# DW waxstock prize draw winner is....



## Brazo (Oct 27, 2005)

Thank you to all who visited the DW stand today, great to chat. Over 100 of you put your names down for the free prize draw to win a pot of migliore presidenziale carnauba wax (rrp £249) and cima spray sealant (rrp £24.99).

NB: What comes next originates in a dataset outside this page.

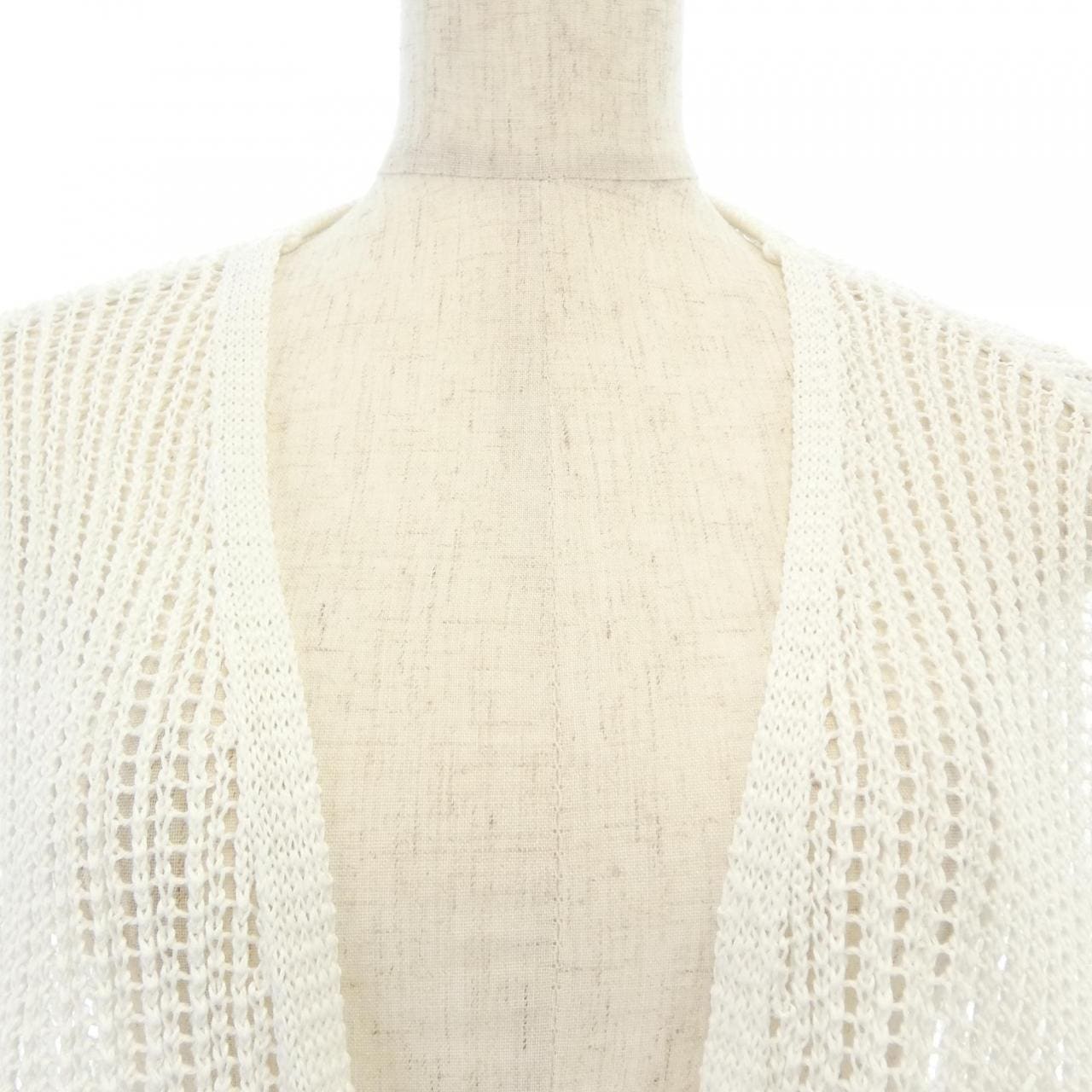 マイストラーダ Mystrada カーディガン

A winner was randomly picked and that winner is


millzer

Congratulations mate. I will post your product once you pm me your address


----------



## gally (May 25, 2008)

That is a stunning prize. Congrats.


----------



## phil67 (Mar 17, 2008)

Free prize draw missed that as well 


But well done millzer


----------



## cypukas (Aug 24, 2012)

well done


----------



## danwel (Feb 18, 2007)

Well done, great prize


----------



## ImDesigner (Jan 19, 2012)

Get in Pete, great prize! Bring it into the office so I can have a nosey, would you.


----------



## Brigham1806 (Apr 1, 2011)

Well done!


----------



## Millzer (Jan 24, 2012)

Woah! Cheers DW - What an awesome prize! 
High quality wax is about the only thing I didn't buy yesterday! :thumb:

Well thats made my day, lets hope the week continues in the same fashion!


----------



## Millzer (Jan 24, 2012)

This arrived for me in the post today:



A big thank you to Detailing World and Migliore for providing such an awesome prize. I cant wait to try it out!

:car:

Cheers,

Pete


----------



## Scrim-1- (Oct 8, 2008)

Nice, Congrats mate.

Just a tip for the mig wax try and get it as thin as possible they can be a pain to remove and spread.


----------



## Millzer (Jan 24, 2012)

Scrim-1- said:


> Nice, Congrats mate.
> 
> Just a tip for the mig wax try and get it as thin as possible they can be a pain to remove and spread.


Cheers Mate, ill keep that in mind! :thumb:


----------